Qual a sua opinião em relação ao Brasil e a inovação? A cultura brasileira é inovadora?

O Brasil passou por grandes mudanças nos últimos 50 anos, agora faz parte das dez maiores economias do mundo e acredito que vai subir nos próximos anos, incentivado por uma população que tem vontade de deixar de ser de um país em desenvolvimento. O Brasil tem feito algumas grandes inovações e é muito respeitado mundialmente em algumas áreas, como na indústria avícola e produção de cana-de-açúcar. A Embrapa (Empresa Brasileira de Pesquisa Agropecuária) também tem feito grandes contribuições, assim como a Embraer. Eu viajo muito pelos Estados Unidos em aviões menores, que são da Embraer – uma empresa que fornece esses tipos de aviões para todo o mundo. Hoje o mundo já conhece melhor o Brasil, teve a Copa do Mundo e agora as Olimpíadas, acredito que ainda tem muita coisa para acontecer com o país, que está em evidência e tem uma população que vai demandar mudanças positivas e igualdade para todos.

Quais marcas e empresas você considera mais inovadoras nos dias de hoje? Por quê?

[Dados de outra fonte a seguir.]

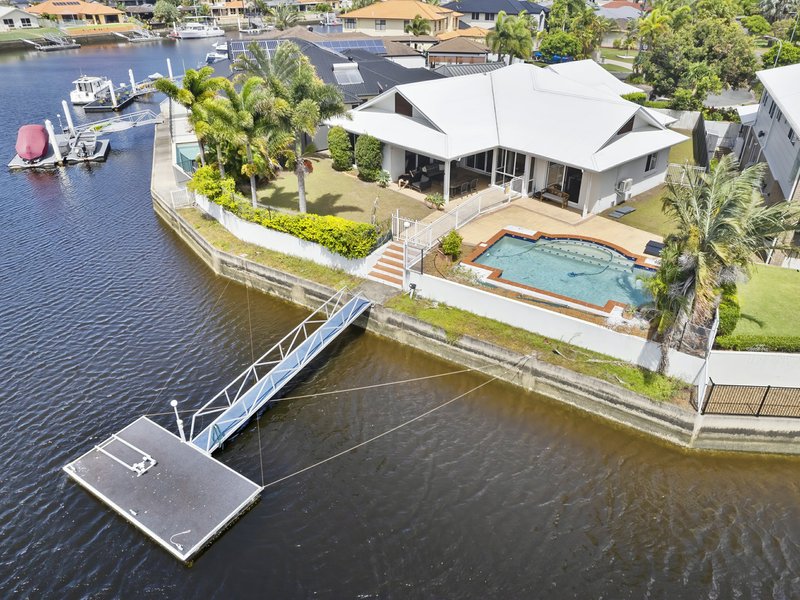 Photo - 7 Skysail Court, Banksia Beach QLD 4507 - Image 18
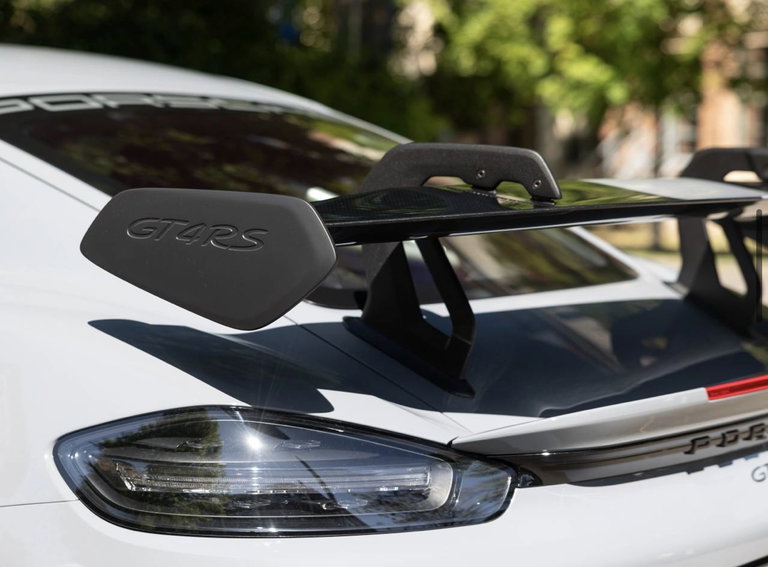 Porsche 718 Cayman GT4 RS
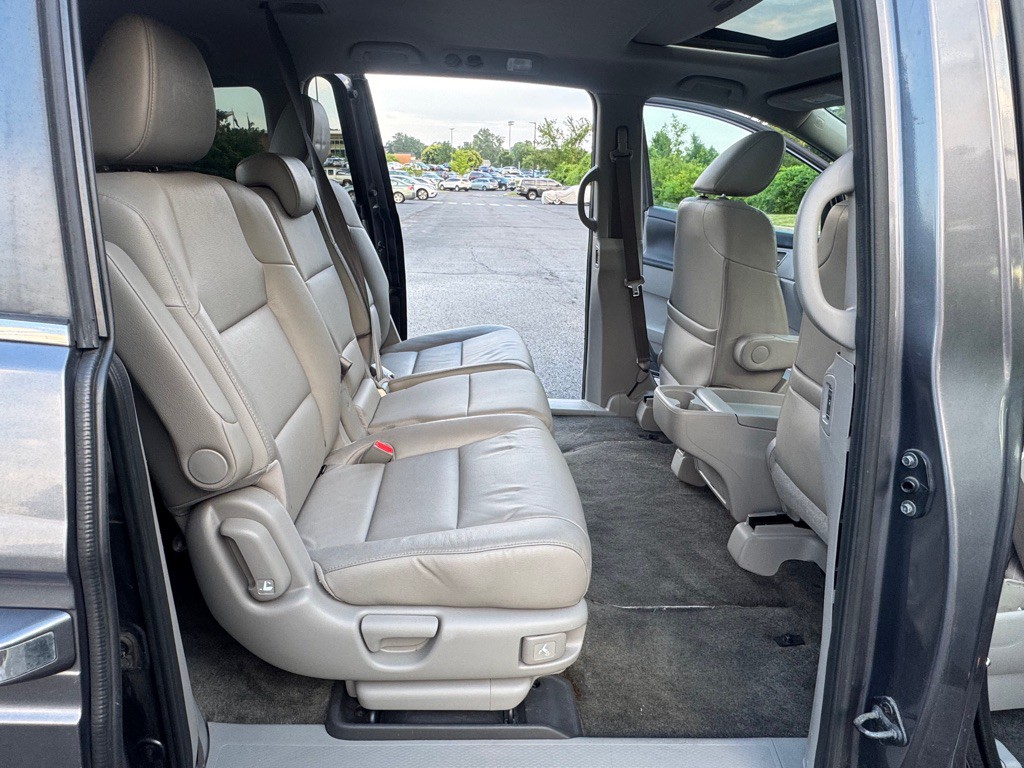 2016 Honda Odyssey Image 24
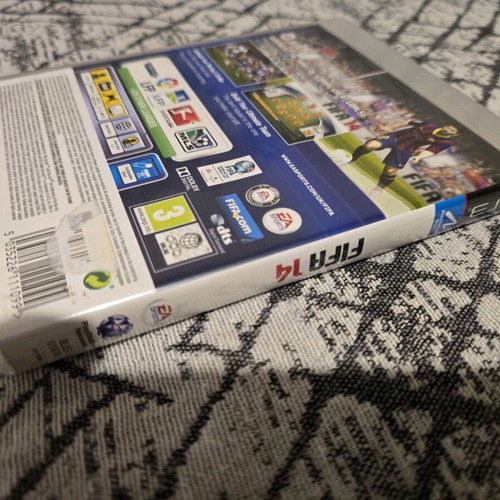 FIFA 14 for PlayStation 3 used, sports game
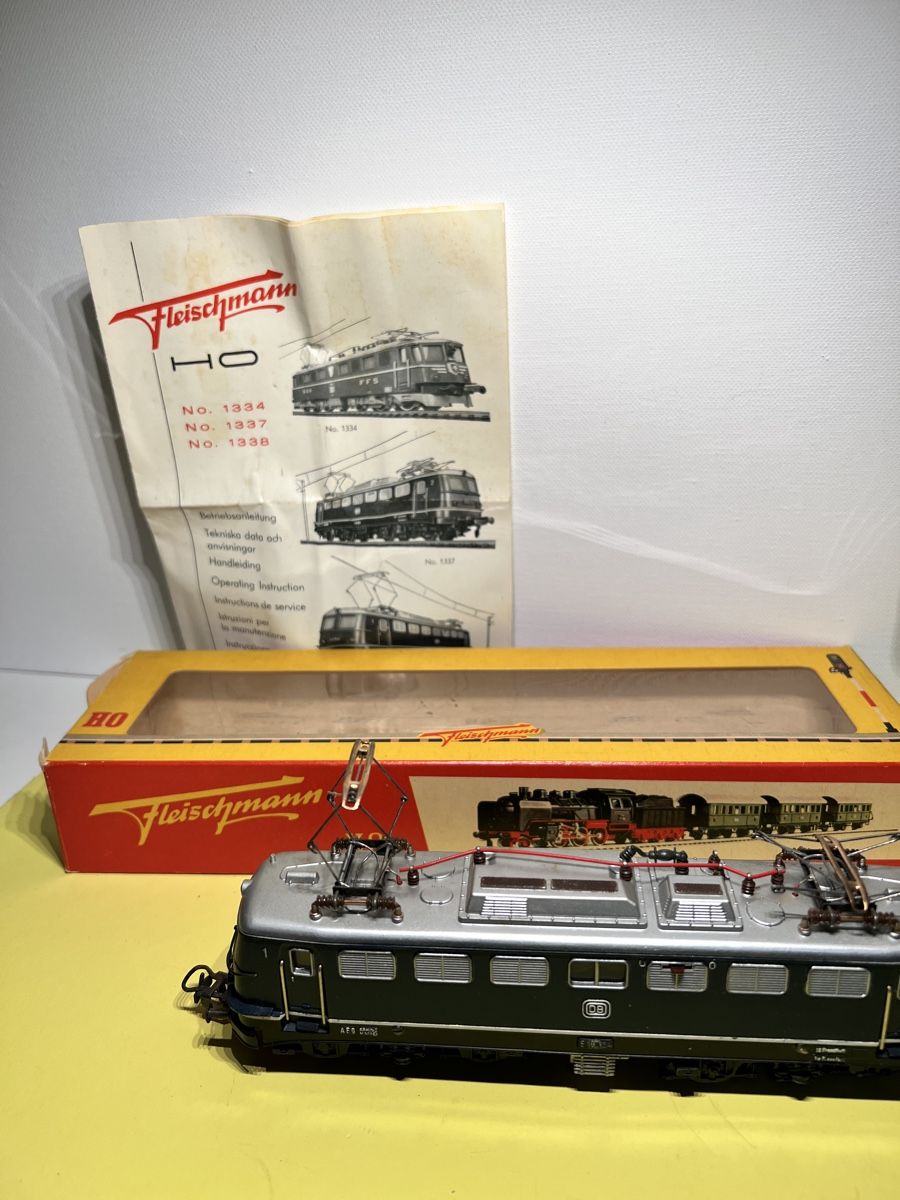 Fleischmann Modellini di ferrovie: Fleischmann E10, schweres Gussmodell in HO – Usato da Weinfelden venduto da Kammerflimmern 5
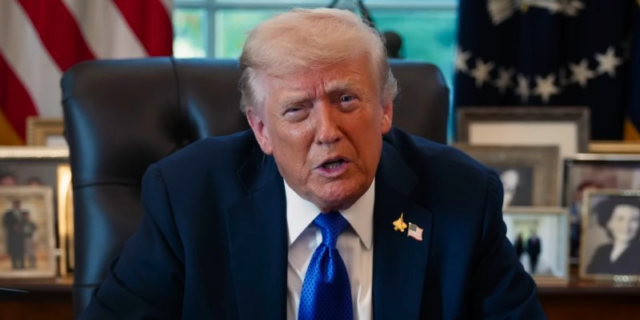 Трамп: Не смееме да ја препуштиме вештачката интелигенција на Кина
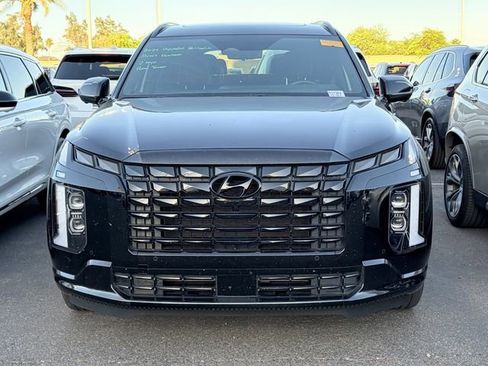 Used 2024 Hyundai Palisade Calligraphy AWD/4WD image 2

O Google está no topo dessas inovações. É uma companhia extremamente inovadora em várias áreas. Além disso, o Google compra diversas empresas, reunindo as maiores mentes do mundo.

A inovação está atuando de forma eficiente contra o contraste social?

Não, mas acredito que a nova geração de inovadores, de desenvolvedores de computadores, engenheiros, todas essas jovens mentes brilhantes, estão pensando em fazer do mundo um lugar melhor. Não apenas um mundo mais conectado, mas um lugar melhor. Infelizmente, temos visto crescimento de contrastes sociais no mundo todo e acho que inovação precisa ser canalizada para mudar isso.

Qual o maior desafio para a inovação no futuro?

Não é bom se a inovação só puder melhorar a vida de uma minoria de elite. É preciso fazer também com que a vida de pessoas pobres seja melhor. Esse é o desafio: ajudar pessoas que não têm água todo dia, que não têm comida na mesa todo dia. Stanford já teve grandes inventores nesse sentido. Já tivemos a criação de um filtro para tornar potável água muito poluída. Esse é o tipo de inovação que o mundo precisa. Sobreviver é uma questão e há um enorme potencial para que a inovação possa contribuir para aumentar a igualdade mundial.